Tuesday, December 29, 2009

Mistakes, I've made a few...

Finally I get to talk openly not only about the fact that I will be returning to the UK before the Ontario snow melts but also about having wanted to go home for so long it had started to physically hurt. Home is London, England.

Lon-don; light of my life, fire of my loins...well maybe not quite that special but definitely so much more special than I ever gave it credit for before moving to 'The Tundra'.

When the idea of coming to Canada emerged, and I really can’t remember how or when exactly that was, I do however remember embracing it with the enthusiasm and openness of a jolly and adventurous type - the person I am but haven't been in contact with since landing here on October 2nd, 2007 (I believe she is still somewhere in the customs hall of Pearson Airport). I saw it as an opportunity to give my daughter something precious - family - extended at that, given that I'm the only Conde left in the UK. But I realise now that one Conde is more than enough and besides - define Family. Define life.

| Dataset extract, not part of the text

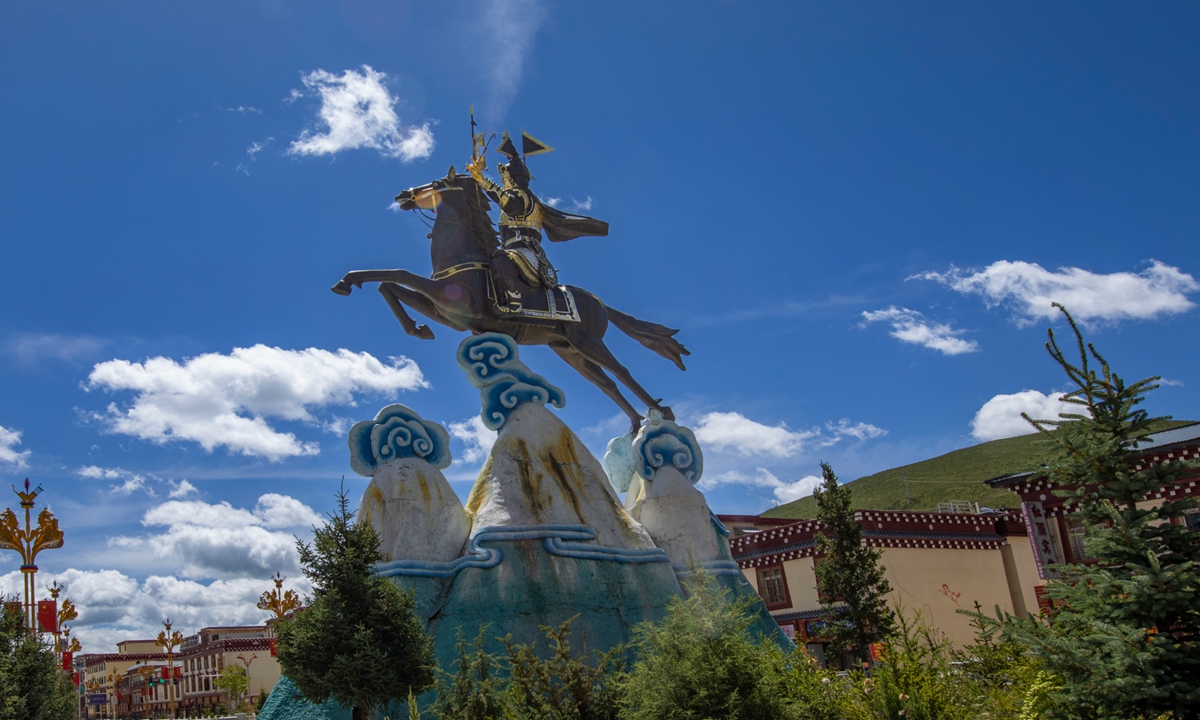Statue of King Gesar Photo: VCG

Note to self - it's very very subjective.

Did I fail to do the proper research into what moving continents would entail? Yes, I did. Guilty as charged and caught bang to rights. Certainly in that sense I got what I deserved. That's karma for you. And how. And for so much more than just failing to carry out a couple of background searches but I have been duly spanked and more determined than ever to make up for lost time.

Had I really investigated the move I might have anticipated the crippling loneliness of knowing no-one, the perpetual boredom of suburban life and the cultural malnutrition of smallville. See, for someone who had the Victoria & Albert Museum on her doorstep - the Old Post House in Oakville was not really going to cut it for something to do on a lazy Sunday afternoon.

Result: the almost complete loss of social graces and will to live. The 'idyll' of a house on a tree-lined street with a drive and a backyard turned into nothing more than an emotional prison with an anti-recreation yard in which to rock back and forth like a caged animal which I have to admit I found myself doing on more than one occasion.

I should have looked into the possible outcomes of this move but I didn't, but to be honest had I done so and consequently seen what it was going to be like (e.g. stupidly cold country, moving to the isolation of the back of beyond and zero career prospects)... well, let's say not only would I not have come I would have taken Canada off my Christmas card list altogether.

I know there are some who will think me a gargantuan and selfish flake but I beg to differ and ultimately I've suffered enough: I don't care what anyone thinks.

I didn't expect the transition to be a walk in the park - I also didn't expect it to be a vertical hike up the K2 either. In the end, I would say coming to smalltown Canada turned out to be a bit like childbirth in that had I'd known how painful it was all going to be, I wouldn't have dared.

So fast forward to the moment I find myself in an absurd Stepford Wife situation (without the social circle) trapped in a nightmarish cycle of waking up alone, going to bed alone and spending pretty much every minute in-between....that's right alone, I do eventually prise myself out of the jaws of the black dog and set about trying to make the best of an abysmal situation. Not easy. But I decide to find a job and then I get a job, - but we all know what happens there. When you're heart isn't in it - it's going to show and it did.

So now, mutually resentful, my marriage hanging on by a thread's thread, I'm also mad and desperate when I find Yoga...or Yoga finds me. You know the rest. I found myself in the journey that is Yoga and realised - nothing is going to change my world but I first need to make it a world I want to remain unchanged.

As I cogitate over the last 2 plus years here, I do need to call out a few diamonds that kept the path of sanity visible. My mother in law - a true friend; my daughter - my best friend; my editor pal - the soul of discreet compassion - a kindred spirit. I want to also say my husband but I last saw him on the banks of the Mekong River and I'm hoping to bump into him again in the near future - though I do tip my hat at the guy who is standing in for him for persevering - I know it has not been easy.

And now, as is so wisely provided in the world of retail, I would like a refund please.